What was she talking about?

“We were attempts. Failed attempts,” the voice responded.

“Then what does Cargill want with them?”

“Cargill likes his chess games. Whatever it looks like he’s doing, he’s already planned seven moves ahead.”

Abby rushed another question. “Does he have the missing shifters?”

“Cargill lost most of his research when Manchini blew up that warehouse. He’s starting from scratch, meaning he needs new subjects.”

She covered her mouth, exhaling shakily. “What about Manchini? What does he want?”

“What they all want. The weapon. The real one,” the voice said impatiently. There was a shuffling sound. “I have to go. You won’t see me again.”

“Wait!” she begged. “You can come home. They’ll help you.”

“Goodbye, Miss Abigail.”

The screen lit up her face as she pulled the phone from her ear. At the same time, she glanced over her shoulder, noticing me and grimacing.

Abby crossed the room, sitting gingerly on the edge of the bed without touching me. “How’re you feeling?”

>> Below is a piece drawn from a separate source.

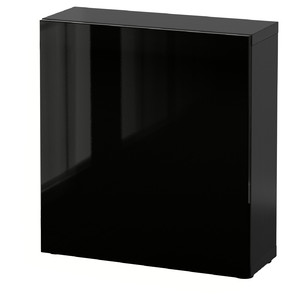 BESTÅ Shelf unit with door, black-brown, Selsviken high-gloss/black, 60x20x64 cm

I scowled at her. “That was him, wasn’t it?”

Abby handed my cell phone over. “Dallas called every day, twice a day, until you woke up. He didn’t say anything, but I know he wanted to know you were okay.”

“That I’m okay? He did this to me, didn’t he?” I pointed angrily at my bandaged chest as memories flashed in and out of focus. “He was going to do this to you!”

Shit. Now my mate was crying again. “I know. I know what he did, Gage.”

“If I find him, I’m going to kill him.”

“You can’t.”

“I have to."

“No, Gage, you can’t. Dallas knows the full truth, and I think he’s willing to tell it.”

“And what is the truth?”

Abby quietly left the room, returning with all four of my pack mates. They smiled at me, Kai making sure to comment about how awful I looked. None of them looked much better.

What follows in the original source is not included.